This is the final blog in a new series from Alasdair Green, a senior member of the AAB Energy Team and Head of E&P; “Balancing the Green Energy Agenda”. You can read the blog series from the beginning here.
Is it realistic that there will be enough electricity grid capacity to support such a fast transition away from fossil fuels? Will there be a sufficient and sustainable supply of essential metals and minerals to meet demand of green energy production and use? How do we compare and manage the total environmental impact of non-renewable and renewable energy sources? Will battery or hydrogen fuel technology improve so much in this short time that greener transport options are realistic and affordable? How will the complex issues of renewable energy technology decommissioning, recycling and disposal be addressed?
All these questions are as unanswerable as what the future holds for our current dominant energy sector, oil & gas; where its importance as a major economic contributor and employer must surely also be considered very carefully. What is clear is that the switch from one to the other will not be as binary as many protesters, investors and politicians may expect.

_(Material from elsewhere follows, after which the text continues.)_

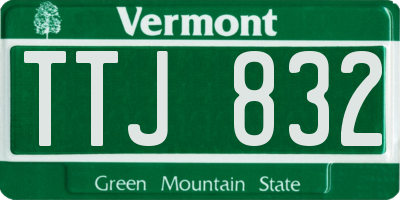 VT license plate TTJ832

Targets are important, but as we all strive towards a cleaner and more sustainable future, let’s not forget that many companies, innovators and investors in oil & gas and their supply chain may ultimately have the skills, technology, people and possibly funding solutions to many of the energy transition problems. It would surely therefore be better to be less reactive towards quite sudden energy transition changes and demands, and take more time to work with the oil & gas sector rather than try to work against it.